Start of DATASET EXCERPTS
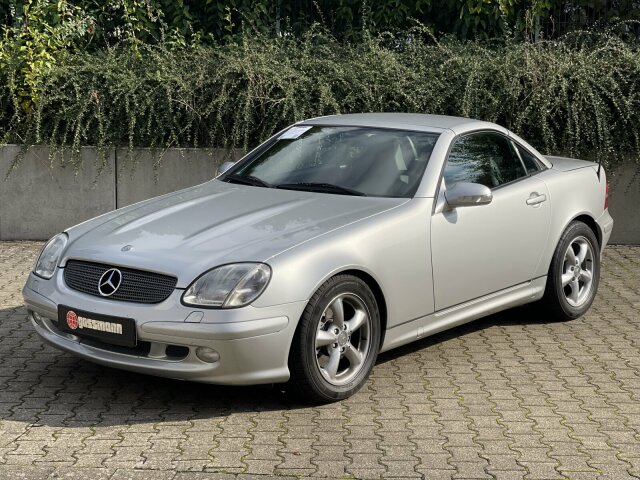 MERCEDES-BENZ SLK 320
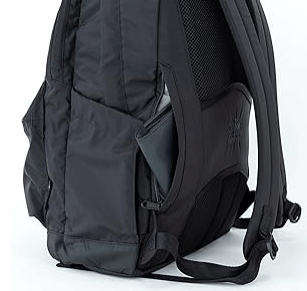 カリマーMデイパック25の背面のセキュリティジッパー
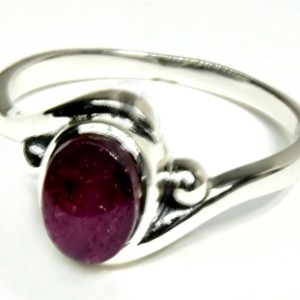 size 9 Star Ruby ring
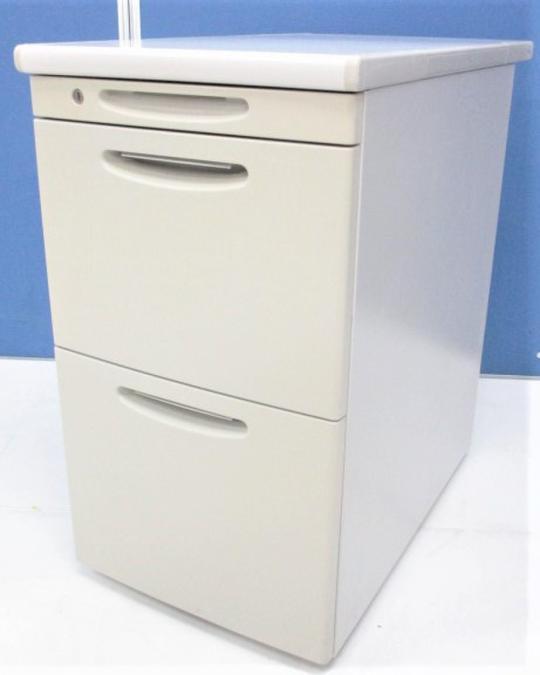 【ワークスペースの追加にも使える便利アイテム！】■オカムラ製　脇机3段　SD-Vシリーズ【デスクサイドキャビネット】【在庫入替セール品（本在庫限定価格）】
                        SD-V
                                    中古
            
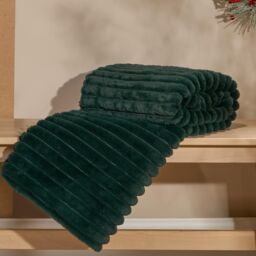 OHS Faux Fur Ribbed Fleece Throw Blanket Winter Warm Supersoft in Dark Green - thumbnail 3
End of DATASET EXCERPTS
Start of DATASET EXCERPTS
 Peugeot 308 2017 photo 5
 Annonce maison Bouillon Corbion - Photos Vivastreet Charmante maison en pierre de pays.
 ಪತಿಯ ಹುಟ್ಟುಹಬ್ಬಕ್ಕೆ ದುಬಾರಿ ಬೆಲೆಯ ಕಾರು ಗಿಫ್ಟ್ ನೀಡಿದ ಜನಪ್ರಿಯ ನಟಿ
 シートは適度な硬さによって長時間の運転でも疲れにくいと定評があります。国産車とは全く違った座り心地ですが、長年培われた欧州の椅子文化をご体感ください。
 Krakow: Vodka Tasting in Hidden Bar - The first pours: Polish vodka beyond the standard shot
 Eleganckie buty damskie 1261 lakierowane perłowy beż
End of DATASET EXCERPTS
Start of DATASET EXCERPTS
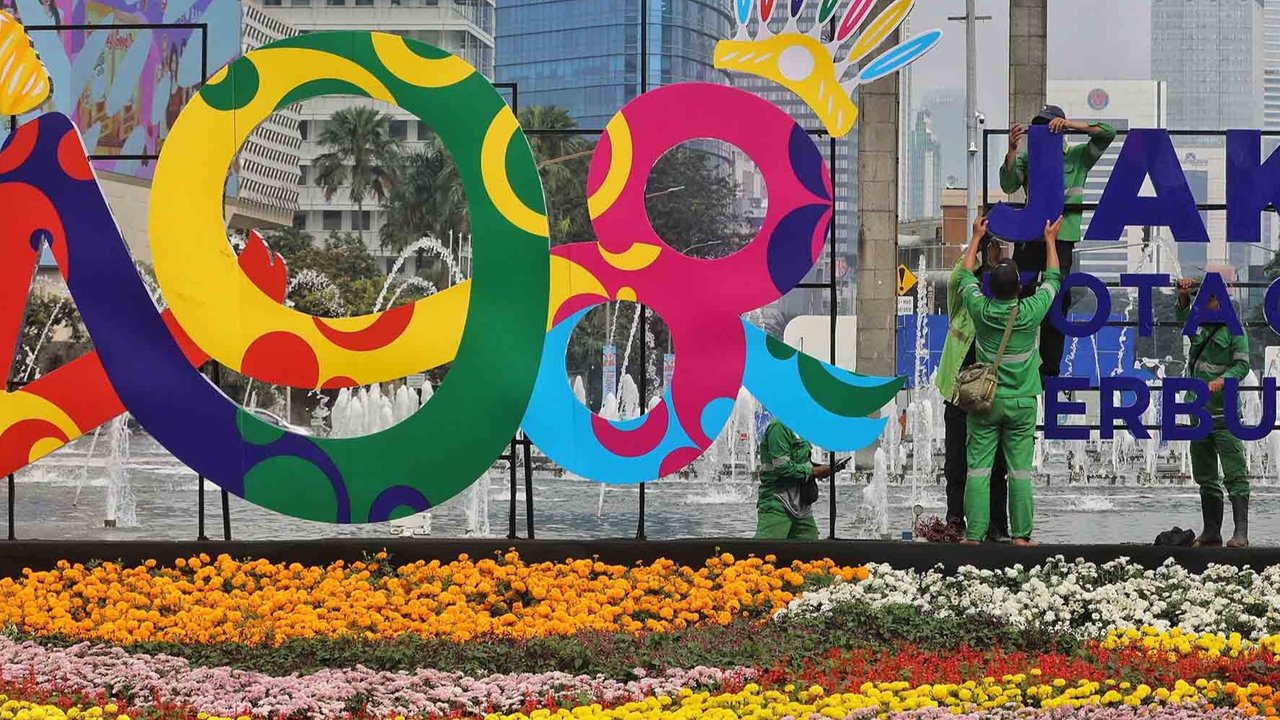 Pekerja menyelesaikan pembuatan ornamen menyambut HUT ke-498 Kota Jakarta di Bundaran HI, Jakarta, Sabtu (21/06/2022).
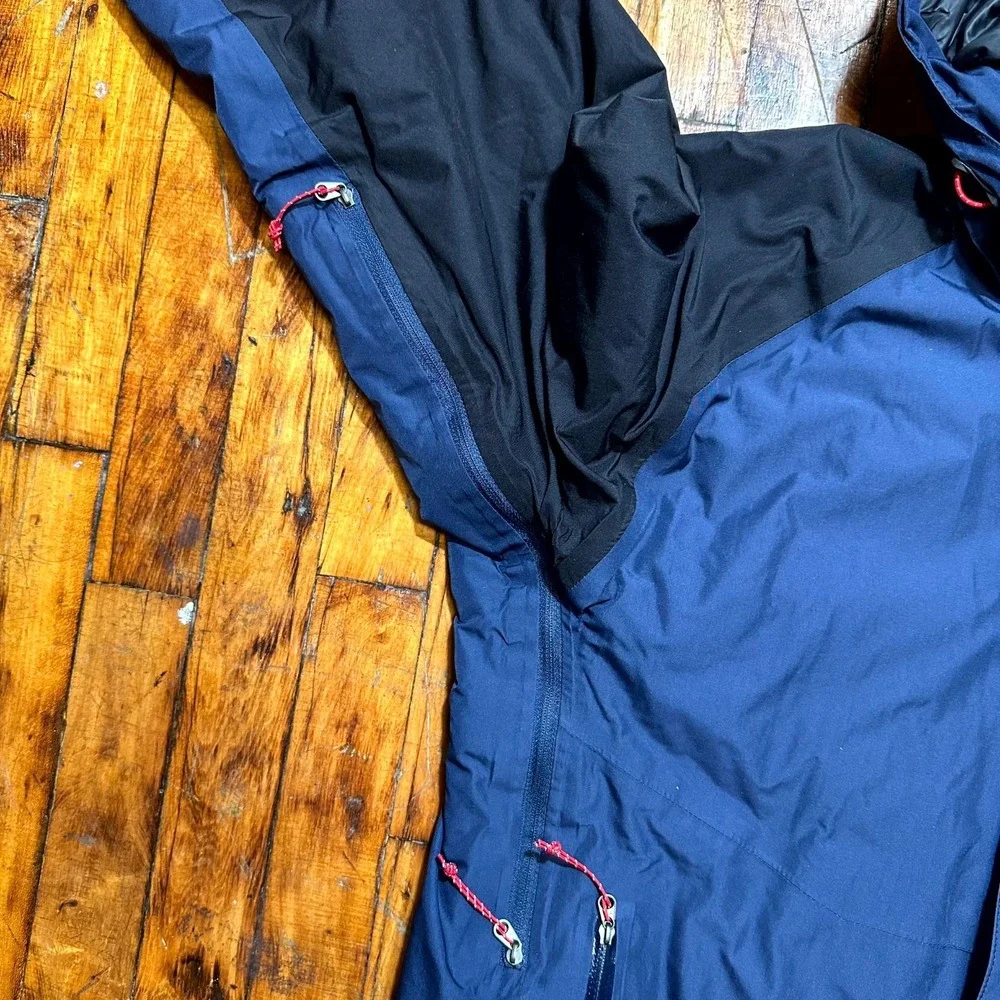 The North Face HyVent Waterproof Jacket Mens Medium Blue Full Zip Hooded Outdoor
End of DATASET EXCERPTS
WHAT IS EXPECTED:
Using the entries above, output exactly the lines between the line holding "ಪತಿಯ ಹುಟ್ಟುಹಬ್ಬಕ್ಕೆ ದುಬಾರಿ" and the line holding "Eleganckie buty damskie", end lines included, and nothing more.

WRITTEN REPLY:
 ಪತಿಯ ಹುಟ್ಟುಹಬ್ಬಕ್ಕೆ ದುಬಾರಿ ಬೆಲೆಯ ಕಾರು ಗಿಫ್ಟ್ ನೀಡಿದ ಜನಪ್ರಿಯ ನಟಿ
 シートは適度な硬さによって長時間の運転でも疲れにくいと定評があります。国産車とは全く違った座り心地ですが、長年培われた欧州の椅子文化をご体感ください。
 Krakow: Vodka Tasting in Hidden Bar - The first pours: Polish vodka beyond the standard shot
 Eleganckie buty damskie 1261 lakierowane perłowy beż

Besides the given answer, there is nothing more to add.